• TRY IT
One part of the entries below is wanted: the lines from the one containing "دیدار تیم‌های ذوب‌آهن و فولاد مبارکه سپاهان" through the one containing "20505 E Country". Write those out exactly and nothing else.

• AVAILABLE DATA
Segment Open

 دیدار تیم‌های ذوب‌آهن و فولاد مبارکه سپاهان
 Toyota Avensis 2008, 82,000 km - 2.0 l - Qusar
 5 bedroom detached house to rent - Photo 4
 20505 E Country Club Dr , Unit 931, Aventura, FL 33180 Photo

Segment Closed
Segment Open

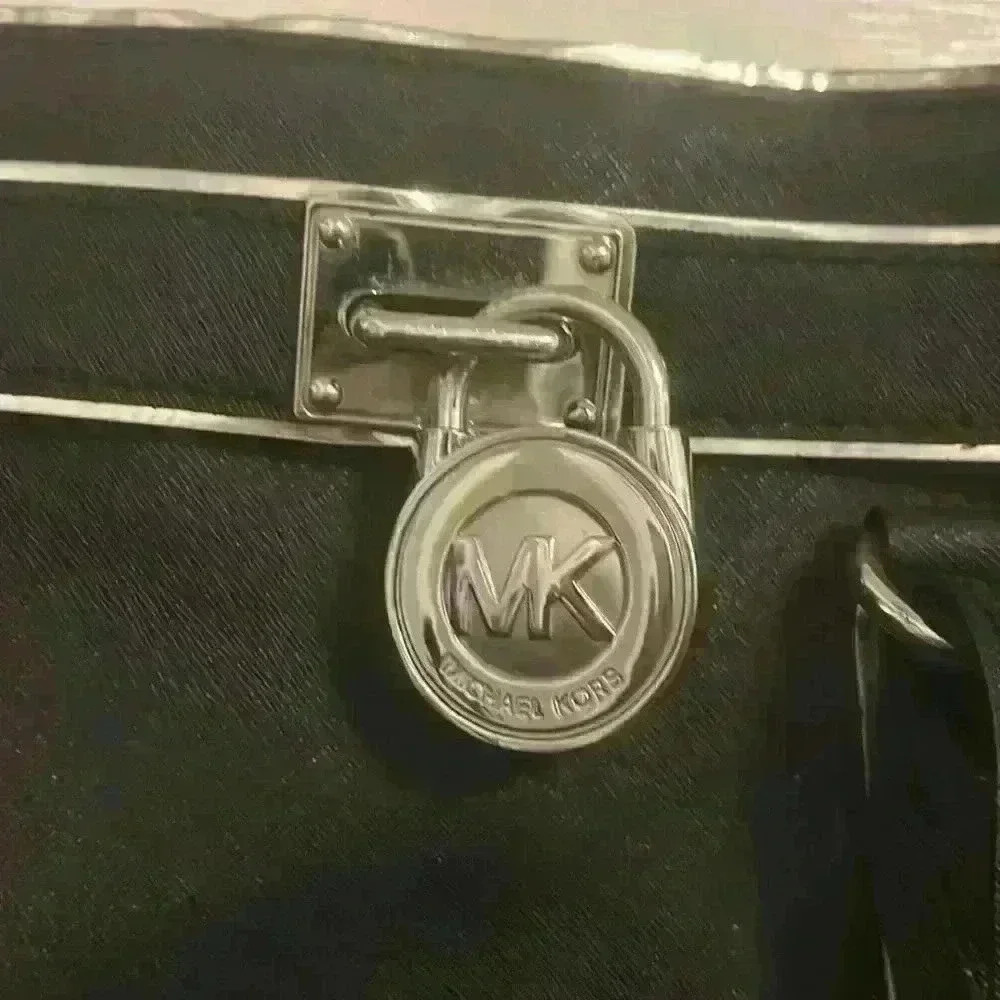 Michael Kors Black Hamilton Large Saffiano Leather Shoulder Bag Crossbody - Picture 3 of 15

Segment Closed

• FINISHED TASK
 دیدار تیم‌های ذوب‌آهن و فولاد مبارکه سپاهان
 Toyota Avensis 2008, 82,000 km - 2.0 l - Qusar
 5 bedroom detached house to rent - Photo 4
 20505 E Country Club Dr , Unit 931, Aventura, FL 33180 Photo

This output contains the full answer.